(Information)
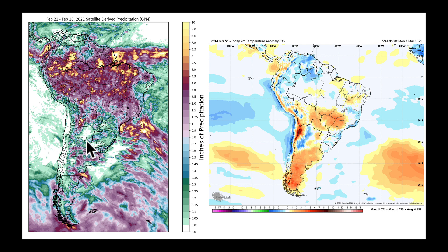Looking at several weather stations in and around Cordoba this morning, a few picked up 10 to 30 millimeters of rainfall in the last week — up to about an inch — but many locations were missing out on rainfall. There's some better precipitation over toward Buenos Aires, but there are a lot of pockets that were missed due to the nature of thunderstorms.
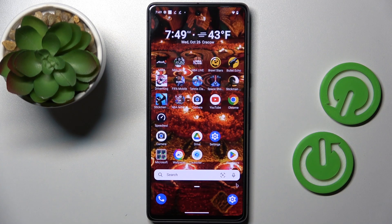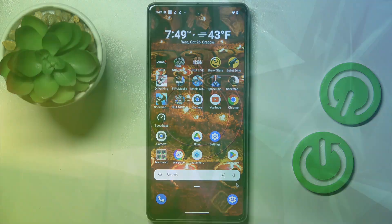Hi guys, in front of me is the Google Pixel 7 and let me show you how to change the wallpaper on this device.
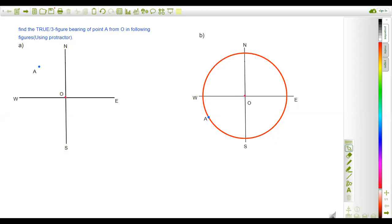Hi everyone, this is Indra, welcome back to my channel. Today in this video I am going to solve some questions related with bearing — basically the questions are related to the true bearing. We have already discussed the basic concept and the types of bearing in the previous video. I will share the link of that video in the description box. Please first watch that video, then you will be very clear about these questions.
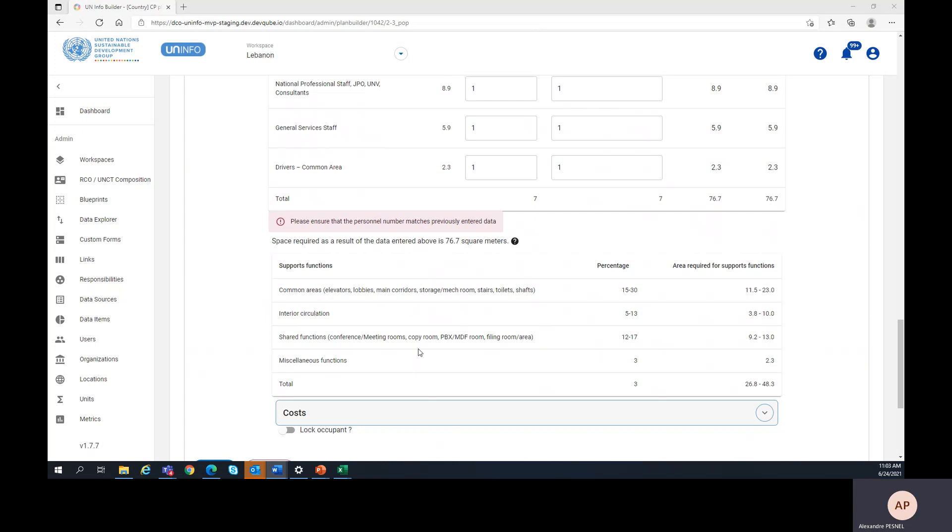The next table is only a four information table. Basically, this table automatically calculates the area required for support functions based on the total number of people.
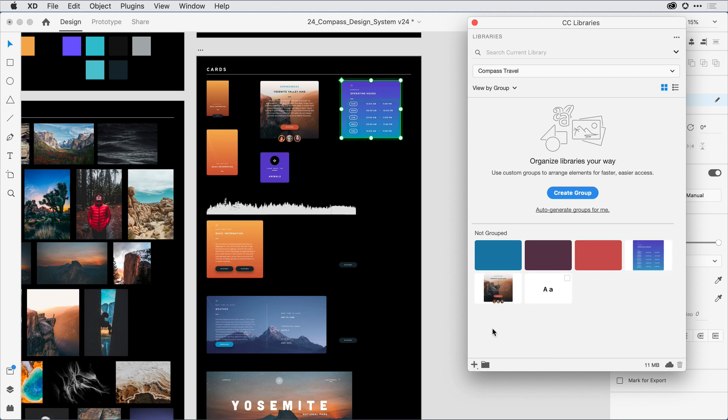Now that I have those all added to this library, I can go ahead and switch over to other applications, like Illustrator, Photoshop, After Effects, and start to use these assets in my production workflow.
(End Information)
▶ _Problem to solve_
Word for word, reproduce all of the data, but keep out the pictures.

▶ _Task output_
Looking at several weather stations in and around Cordoba this morning, a few picked up 10 to 30 millimeters of rainfall in the last week — up to about an inch — but many locations were missing out on rainfall. There's some better precipitation over toward Buenos Aires, but there are a lot of pockets that were missed due to the nature of thunderstorms.
Hi guys, in front of me is the Google Pixel 7 and let me show you how to change the wallpaper on this device.
Hi everyone, this is Indra, welcome back to my channel. Today in this video I am going to solve some questions related with bearing — basically the questions are related to the true bearing. We have already discussed the basic concept and the types of bearing in the previous video. I will share the link of that video in the description box. Please first watch that video, then you will be very clear about these questions.
The next table is only a four information table. Basically, this table automatically calculates the area required for support functions based on the total number of people.
Now that I have those all added to this library, I can go ahead and switch over to other applications, like Illustrator, Photoshop, After Effects, and start to use these assets in my production workflow.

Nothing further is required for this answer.